In Nepal most of the girls get married by the age
of eighteen. The idea of girls being a burden in father’s
shoulders is prevalent hence marrying them off AS SOON AS POSSIBLE is
considered advantageous. We don’t call dowry as dowry we call it gift. The price of
the gift measures the love. If somebody refuses to come to the wedding
gossips run down the hierarchy of relatives that so and so person didn’t attend
the wedding because of his inability to give a gift. Torment is inexorable.
My bad, I start rambling as soon as the topic is
raised. Coming back to my parents. All my life I
believed that my parents could never go wrong. It was I who was wrong. Realization
came when I turned eighteen.
Last year my cousin got married. My mother would
come up to me with longing in her eyes. She deliberately took rounds around me, thinking I
didn’t notice but I did, loudly wondering that if I would marry a man holding a
lot of land in Nepal itself. This kept on for around six months, or in other
words it took nearly six moths for her to recover from that marriage. Papa too
sometimes indicated towards his desire to see me married, though neither in
many words nor clearly.
You see my condition is not an easy one or easily
comprehensible. Since my father came to India young and started
earning for his family, he wants me to do the same, although he won’t admit all
this.
For some time now I’ve noticed a subtle change in his way of speaking to me or
about me with others. Even my extended family is suggesting me to take
up a job just after my graduation. Their advise for me is that just like other
children around me I don’t need a lot of education, that it is easy for a
graduate to get a job. Only it is not as easy as they say. No one is sitting
out there, waiting for me with a job. This is not damn 1989 this is 2018, the struggle
is greater. But understanding is irreplaceable.
I believe that all this is somehow related to me
being a girl. Yes all this is happening ‘cause I am a girl, and
in that matter firstborn. Boys are encouraged in almost all their decisions
but when it comes there is always some reluctance shown. Why?? A
cousin of mine, a boy, is refusing to study even after constant begging
form his parents. His father works as domestic help, mother is unresponsive or
rather blind with her love for her children. He decided to open a butcher shop,
and no soul questions him on his face but gossip behind his back. Both of us
belong to the same family, are of around same age, he doesn’t care but I do.
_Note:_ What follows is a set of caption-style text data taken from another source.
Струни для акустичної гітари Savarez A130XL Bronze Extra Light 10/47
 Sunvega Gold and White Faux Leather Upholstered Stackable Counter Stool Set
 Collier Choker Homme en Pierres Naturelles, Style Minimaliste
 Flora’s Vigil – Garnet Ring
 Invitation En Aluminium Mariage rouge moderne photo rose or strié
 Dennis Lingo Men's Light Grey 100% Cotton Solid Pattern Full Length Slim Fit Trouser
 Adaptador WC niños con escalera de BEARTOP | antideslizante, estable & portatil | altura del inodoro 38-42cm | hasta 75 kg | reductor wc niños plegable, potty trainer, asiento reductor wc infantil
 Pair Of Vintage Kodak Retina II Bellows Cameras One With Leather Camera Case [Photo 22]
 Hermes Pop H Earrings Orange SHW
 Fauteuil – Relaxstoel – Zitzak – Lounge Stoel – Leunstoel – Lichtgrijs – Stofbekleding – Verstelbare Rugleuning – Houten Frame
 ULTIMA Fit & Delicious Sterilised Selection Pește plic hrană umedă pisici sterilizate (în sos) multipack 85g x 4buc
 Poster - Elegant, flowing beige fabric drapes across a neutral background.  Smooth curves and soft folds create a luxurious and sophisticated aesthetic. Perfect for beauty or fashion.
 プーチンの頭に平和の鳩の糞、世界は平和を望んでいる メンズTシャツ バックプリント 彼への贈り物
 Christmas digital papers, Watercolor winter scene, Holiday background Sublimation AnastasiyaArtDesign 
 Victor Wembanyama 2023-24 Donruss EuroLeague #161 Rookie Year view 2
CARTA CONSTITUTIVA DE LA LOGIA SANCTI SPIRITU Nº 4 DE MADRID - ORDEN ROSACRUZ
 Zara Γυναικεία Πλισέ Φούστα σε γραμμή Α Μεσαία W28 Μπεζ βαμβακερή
Expectations are not in peace with reality. There are a
few smarties out there who plan to live on pieces of their parent, and I, like
an idiot, want study more and empower myself. To all others the inflow money is more important
than independence. Is money everything? I think, no.
Sometimes in peaceful lap of night’s silence I
wonder that maybe one day will come when I won’t be seeking consent of every
other person, that there will be a morning when I will not double check my
decisions, that my heart will be in peace. What all I can do for now is hope…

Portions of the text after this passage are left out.